В трактате „К эллинам на основании общих понятий“св. Григорий Нисский прежде всего раскрывает ту мысль, что если бы именование „Бог“служило для обозначения Лиц, то, именуя три Лица, по необходимости именовали бы трех Богов; но если имя Бог означает сущность, то, исповедуя единую сущность Св. Троицы, славим единого Бога, потому что слово „Бог“есть единое имя единой сущности. Поэтому, если мы именует Бога Отца и Бога Сына и Бога Духа Святаго, то союз и относится к именам Лиц — Отца, Сына и Св. Духа, имя же Бог отрешенно и одинаково произносится о каждом Лице без союза и, так что нельзя сказать: Бог и Бог и Бог. Так как сущность не делится в каждом Лице, чтобы, подобно лицам, было и три сущности, то ясно, что не будет делиться и имя Бог, чтобы ему быть тремя Богами.

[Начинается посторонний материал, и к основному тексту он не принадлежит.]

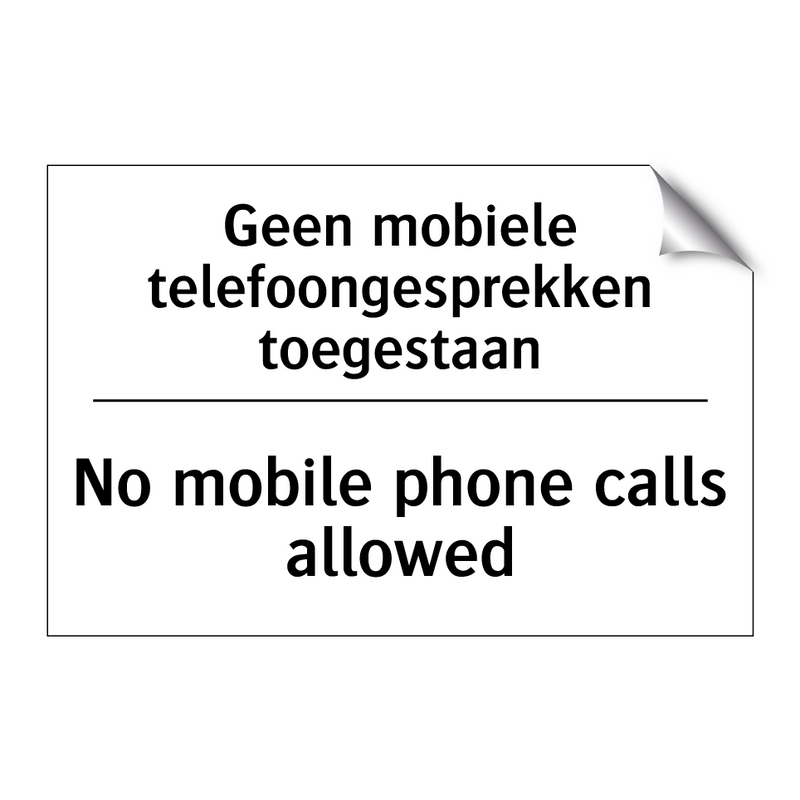 Geen mobiele telefoongesprekken /.../ - No mobile phone calls allowed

Ho как сущность — Отец, сущность — Сын, сущность — Дух Святый, но не три сущности, так и Бог — Отец, Бог — Сын и Бог — Дух Святый, а не три Бога. Отличительное свойство вечной сущности, общее Отцу, Сыну и Св. Духу, — над всем назирать, все видеть и знать, даже сокровенное; отсюда заимствованное имя „Бог“обозначает эту сущность. Так как такая сущность одна и одно обозначающее ее имя, то един и Бог. Затем Григорий Нисский раскрывает прежнюю мысль о неточности обычного словоупотребления, по которому Петра, Павла и Варнаву называют тремя человеками, тогда как имя „человек“обозначает сущность, а не лицо. Но здесь он присоединяет и объяснение такого словоупотребления, заключающееся в том, что человек не всегда усматривается в одних и тех же лицах: прежние умирают, на место их являются новые, а нередко еще прежние остаются, когда рождаются новые, так что и лица и количество их всегда различны. Но в отношении к Св. Троице никогда не бывает ничего подобного: в трех Лицах никогда не бывает никакого приращения и умаления, превращения и изменения; поэтому ни с чем не сообразно при трех Лицах именовать и трех Богов. Кроме того, человеческие лица имеют бытие не от одного и того же лица непосредственно, а от разных лиц, и, происшедши от причины, сами бывают причиною. Не то во Святой Троице, ибо одно и то же есть Лицо Отца, от Которого рождается Сын и исходит Дух Святый. Поэтому не должно говорить, что в трех Лицах Божеской сущности три Бога по самому имени Бог, — но Бог один, и один по тожеству сущности, для обозначения которой служит имя Бог.